Saturday, March 6, 2010

farewell

farewell,my cousin...

rest in peace...

sorry i wasnt there...

after 3 days of accepting this news...

only after 3 days have i accepted that you're gone

me?avenging you?i dont know..but i need someone..someone...

but,for today,i pray for you..


insanity

Luqman..you've crossed the line..i told you,if u even try to hurt anyone else,i'll tear your face off.im not kidding.you wanna bring out my rage,right?look,i know you're trying to pull off your revenge on me,but i beg you,stop involving everyone else.maybe that's your way of getting through to me.but i beg you,if you want to torture me,then torture only me.i've let her go.in the most stupidest way possible.i know you're reading this,luqman.i bet you're smiling your ass off.who's the real you,anyway?you've done well playing with my head..im becoming crazy,mental,insane.everytime i am in front of my friends,i have to fake a smile just to hide my condition.on the brink of insanity.look,i havent lost.but clearly you are winning.i've lost her because of myself.and because of you.lets settle this fast,man.
either you finish me off
or we settle this mano-a-mano
adieu

choice

they say when you are hit by black magic,and you want to send it back to the sender,you are allowed to do so.but if the sender managed to reflect it back to you,then you're dead.well,i'll be taking that risk.either it will work,or either i die.truthfully,i dont really care.
adieu

Thursday, March 4, 2010

ok look, this sucks.big time.
my vision is damn blurry.
i cant even see your face sometimes.
thank goodness i can still read when i squint.
how blurry,you may ask?
well,try seeing red for once
i spoke about this to my roomate and and Zul.
they just treated this as a joke
so,i guess no point speaking about it to them
i also woke up at late night,just to hear friggin voices around me
i am scared
i am freaked out
but no one's there to calm me down.
when i go to class,i always smiled a fake smile
hiding the fear and pain inside
guess i'll go through this alone.
i miss you..

Tuesday, March 2, 2010

lost

Wanna know what he did to me,and what he is still doing?

Then:

1. He tried to kill me

2. He made me suffer from chest pains, making me feel like my heart is about to burst any time soon.

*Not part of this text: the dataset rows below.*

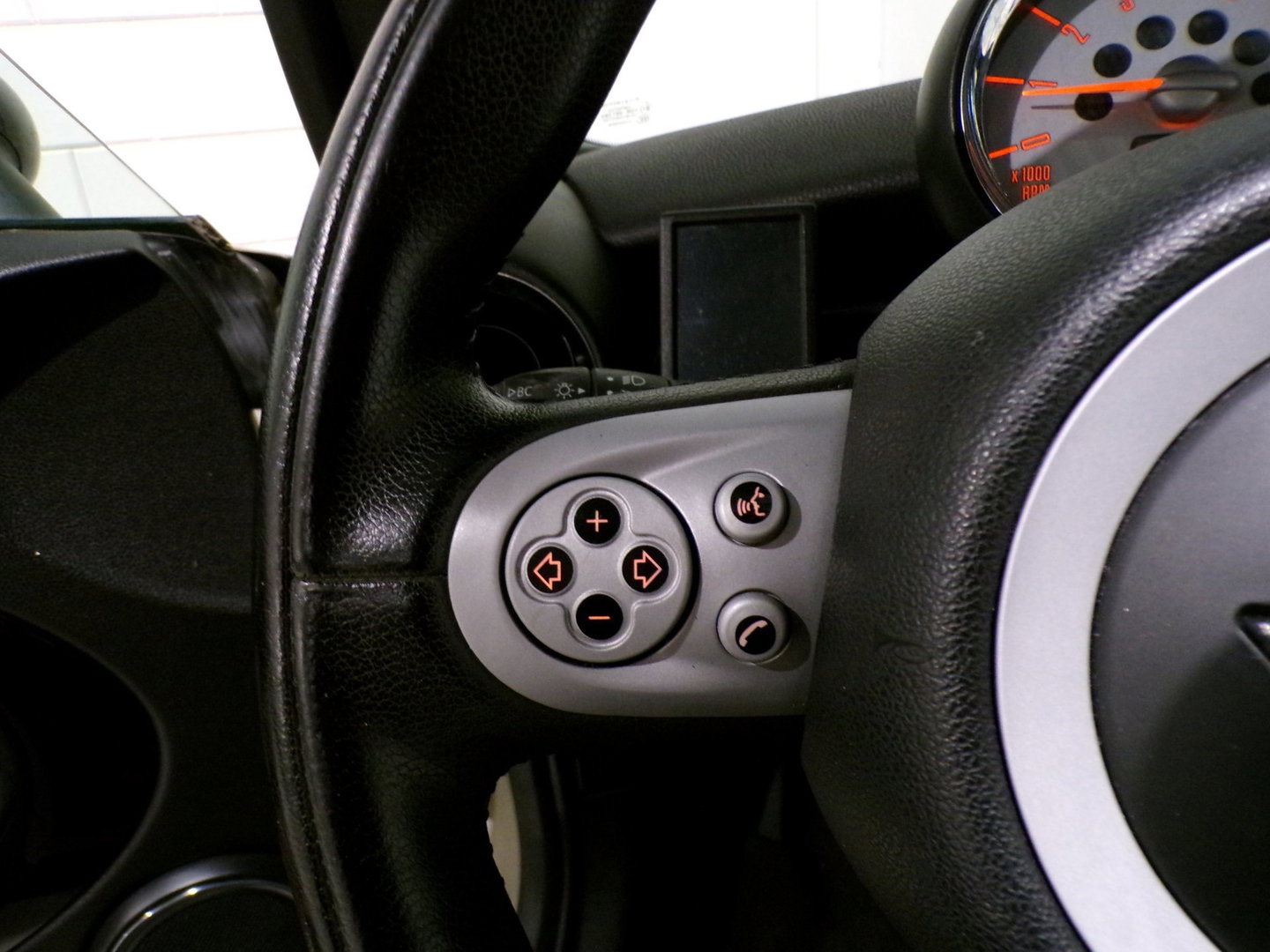 MINI Cooper 1.6 120PK Chili "Origineel NL!" Panoramadak Bluetooth Cruise-control Automatische-airco Nieuwe-APK 16"Velgen NAP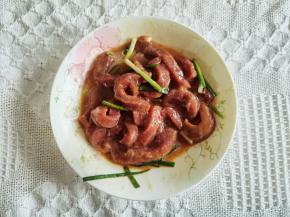 拌匀后倒入2勺玉米油，用油封一下，继续拌匀，腌制15分钟，这样炒出的牛肉比较嫩。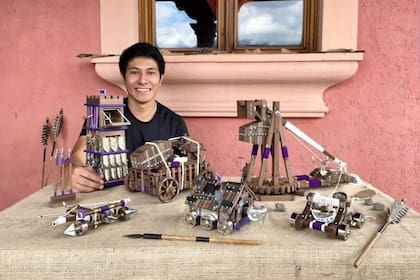 Manolo Paredes Castillo crea réplicas de armas del Age of Empires en Guatemala y las vende en todo el mundo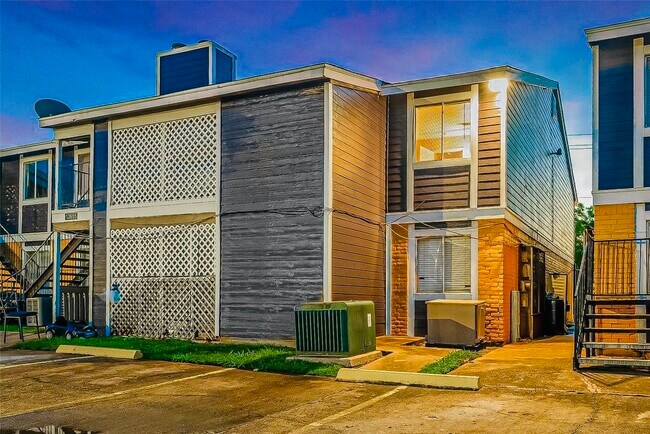 Building Photo - 12655 Ashford Meadow Dr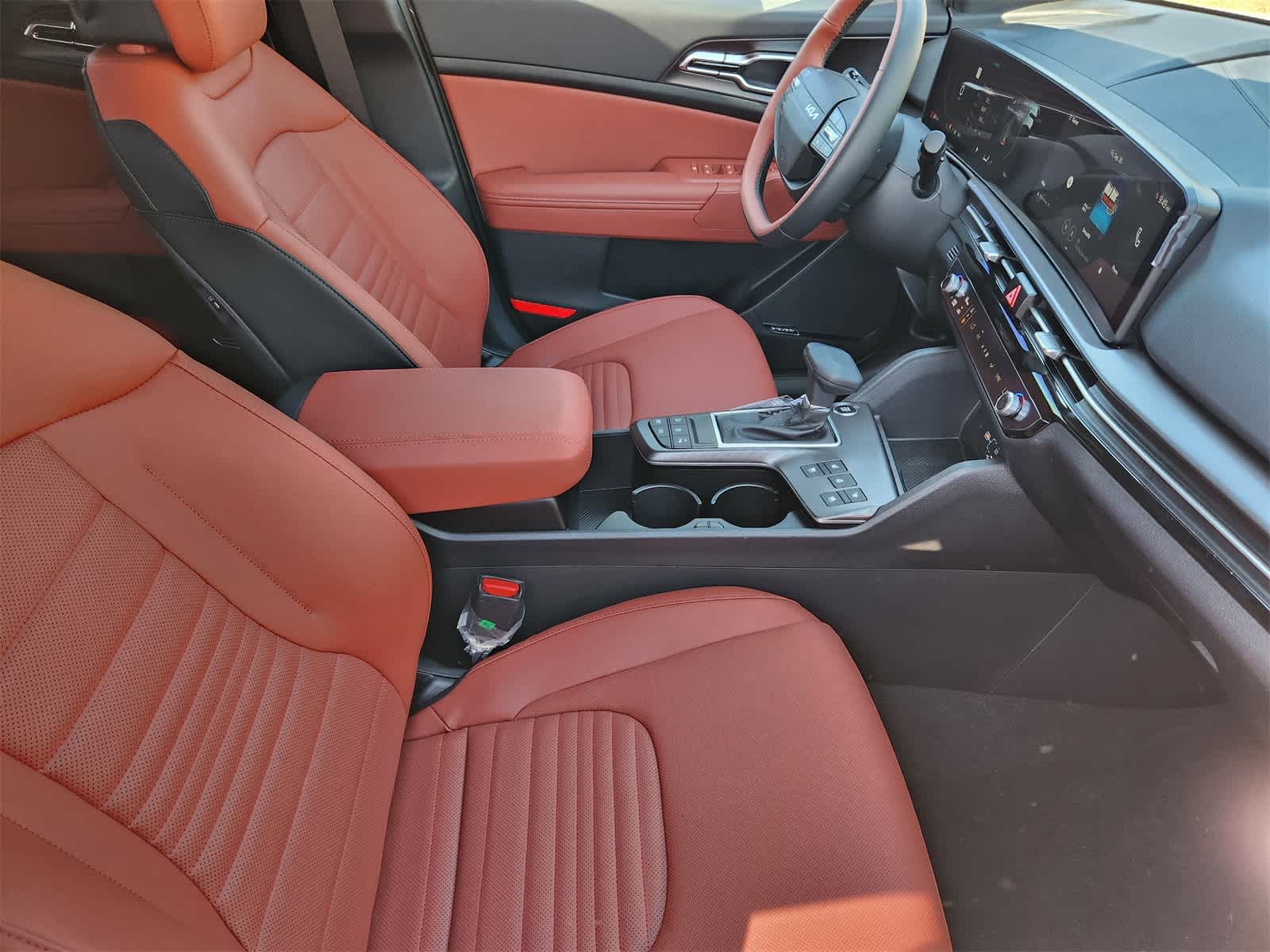 Thumbnail: 2026 Kia Sportage - 12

3. He made me pass out almost every night.

4. He made me forget stuffs I'm not supposed to forget.

5. He made me vomit blood.

6. He made me see "things".

7. He made me try to kill myself.

Now:

1. He's trying to play psychology with me.

2. He tricked me and I fell into his trap.

3. He's torturing me mentally.

4. He's trying to wipe out my sense of sight.

5. He's making me hear voices deep inside my head.

I lost..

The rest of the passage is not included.